LyonL'attaque du fourgon blindé suisse a-t-elle été trop facile?
Au troisième jour du procès des braqueurs, le président de la cour d’assises a relevé les failles de sécurité du transporteur.
Un fourgon ouvert avec une simple «tige» par les braqueurs: les «faibles» mesures de sécurité de la société de transport Loomis ont été épinglées mercredi à Lyon, au troisième jour du procès de l'attaque lucrative d’un convoi de fonds à Nyon en 2017.
Un même trajet répété chaque jour, des horaires identiques, un fourgon simplement semi-blindé et surtout la présence dans le véhicule d’une «tige» permettant une ouverture manuelle, rendue nécessaire par un dysfonctionnement technique: le président de la cour d’assises du Rhône Eric Chalbos a relevé les interrogations sur les «failles de sécurité», qui ont permis ce braquage au butin record.
Six hommes, âgés de 32 ans à 47 ans au moment des faits, sont jugés toute la semaine pour «vol en bande organisée avec arme» et «enlèvement et séquestration». Trois d’entre eux sont absents, en fuite depuis un an et sous mandat d’arrêt. Ils sont accusés d’avoir attaqué, le 24 mai 2017, un fourgon de la société Loomis sur l’autoroute entre Genève et Lausanne en se faisant passer pour des policiers, équipés de brassards et de gyrophares.
Cette nuit-là, des braqueurs enferment, sous la menace de fusils d’assaut, les convoyeurs dans les coffres de deux voitures. Une fois du côté français de la frontière, ils contraignent l’un d’entre eux à ouvrir le fourgon grâce au dispositif manuel de la «tige» dont ils connaissaient l’existence et qui, insérée proprement, permettait l’ouverture de la porte latérale.

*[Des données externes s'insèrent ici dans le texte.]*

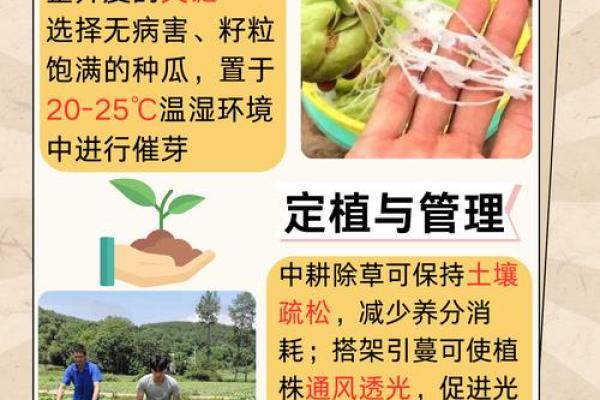 乙亥火命人应该注意什么？五大要点助你事业、感情双丰收！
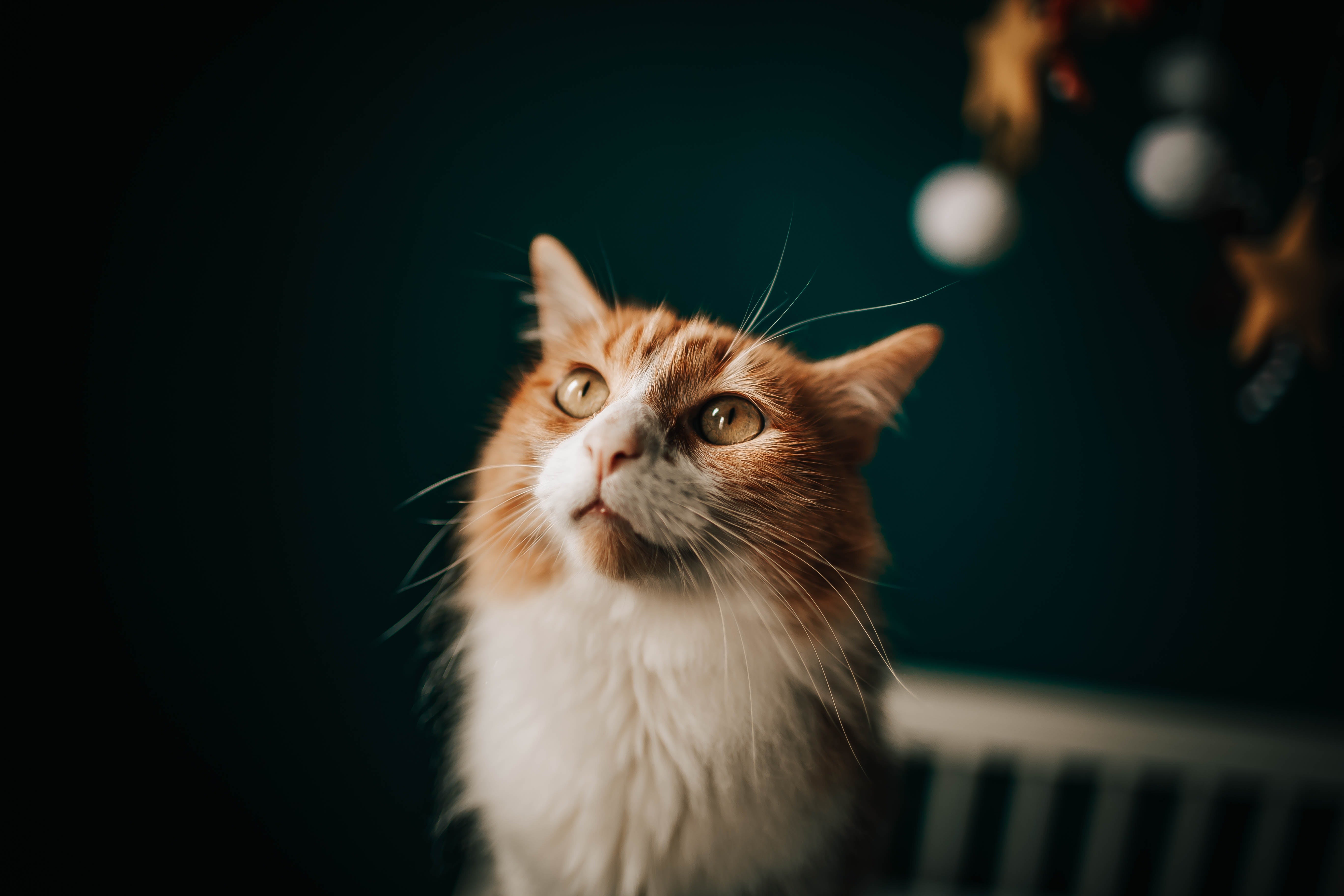 Overgewicht bij katten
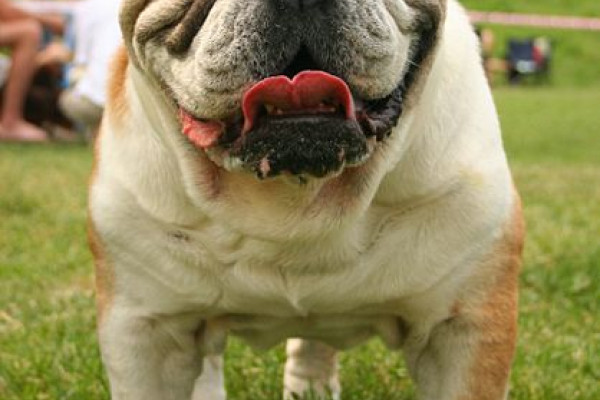 English Bulldog during dog's show in Racibórz, Poland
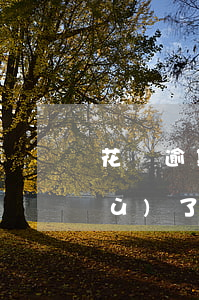 花唄逾期后怎么提高額度(花唄逾期修復(fù)了還可以提升額度嗎?)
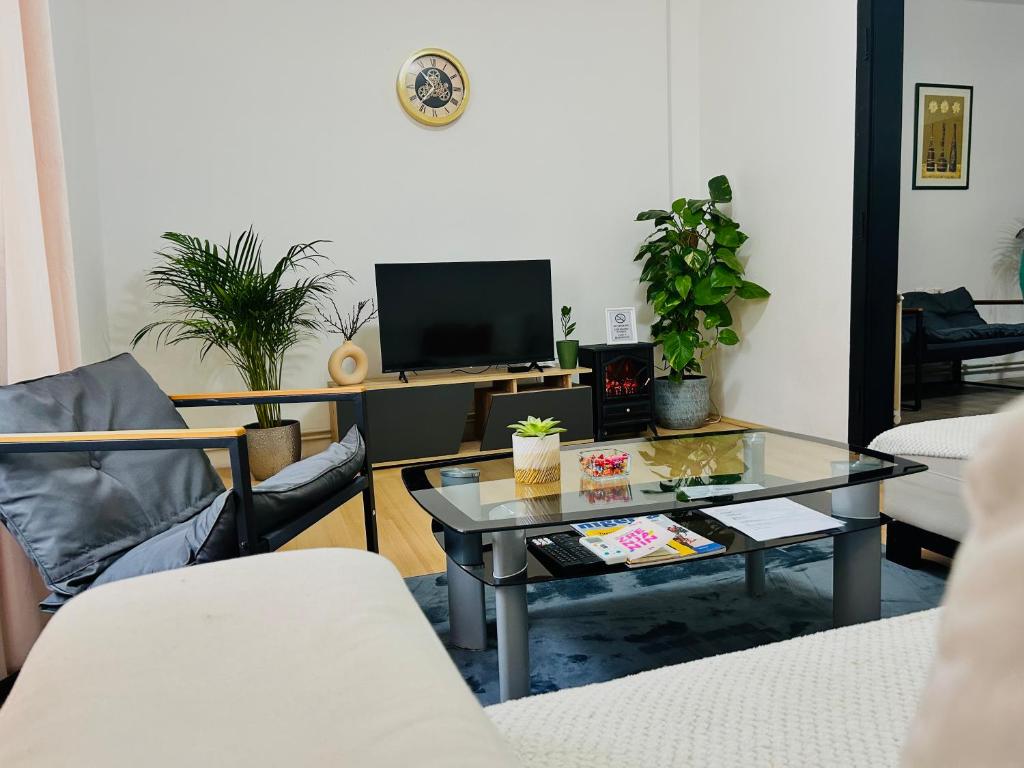a living room with a coffee table and a tv at Black and Ginger Residence in Zrenjanin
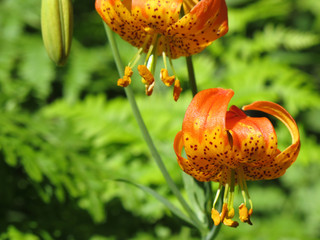 Wild Leopard Lilies in Siskiyou Mountains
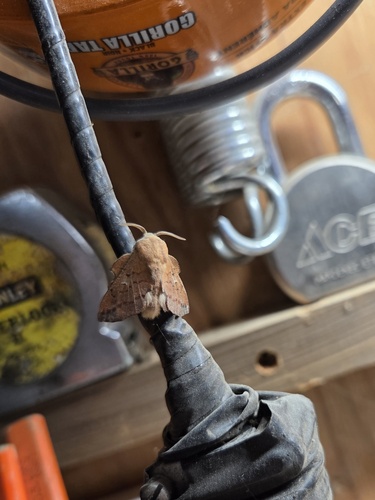 iNaturalist observation photo of American Lappet Moth
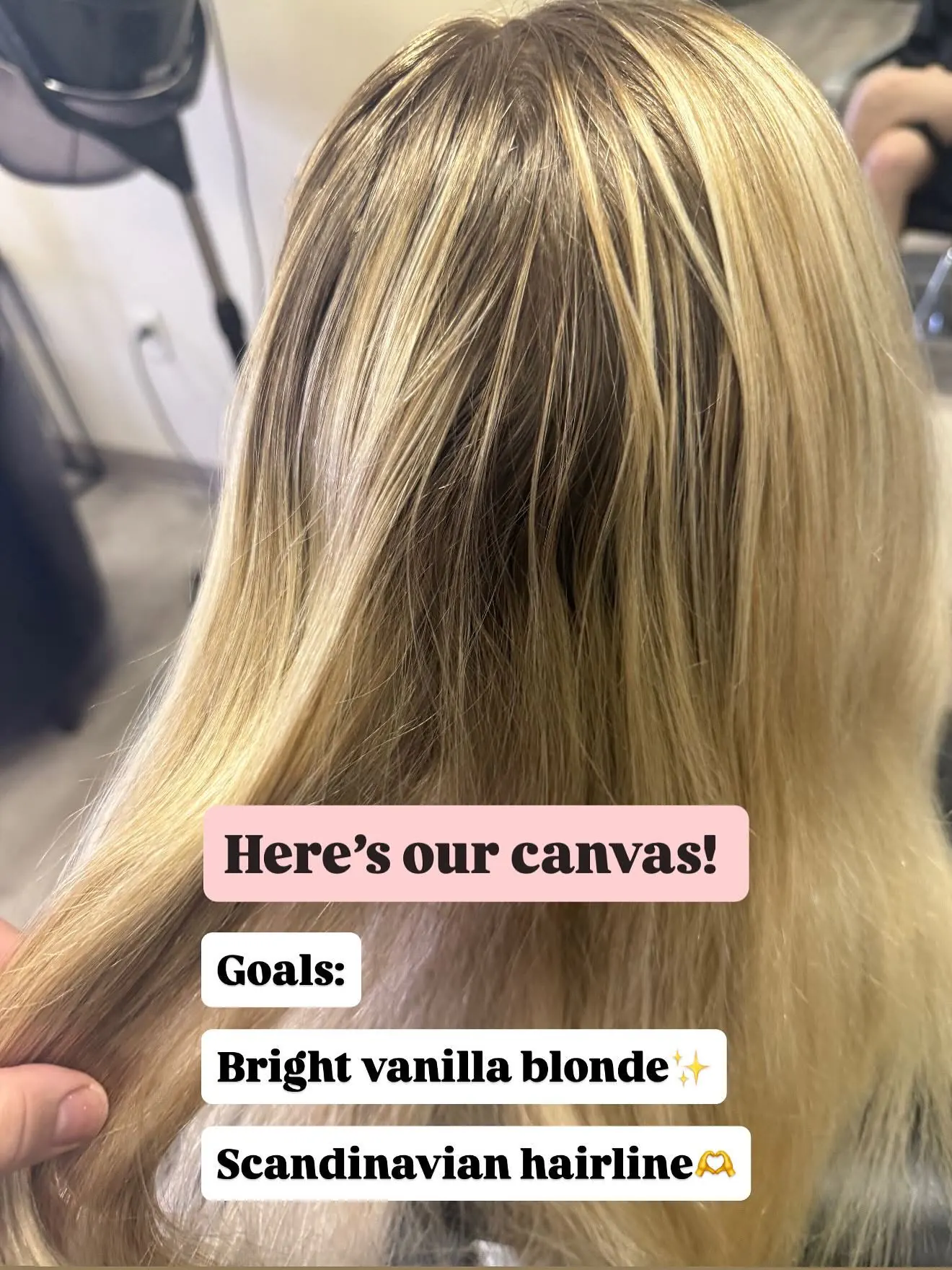 Here's our canvas. Goals: bright vanilla blonde, Scandinavian hairline — Cosmetology by Cami, Hammond, Louisiana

La tige était une info confidentielle
L’existence de cette «tige» était «une information confidentielle et quelqu’un l’a fait passer» aux braqueurs, a affirmé mercredi le directeur de la sécurité Europe du transporteur de fonds Loomis, Rui Teixeira, entendu comme témoin.
Au centre de sécurité genevois de la multinationale, les murs étaient trop épais et empêchaient l’ouverture télécommandée des fourgons, contrairement à la procédure. Pour répondre au «problème qui n’était pas récent et n’avait pas été résolu, les équipes avaient trouvé cette façon de débloquer» les portes, a expliqué le témoin. Au moins trois fourgons étaient concernés.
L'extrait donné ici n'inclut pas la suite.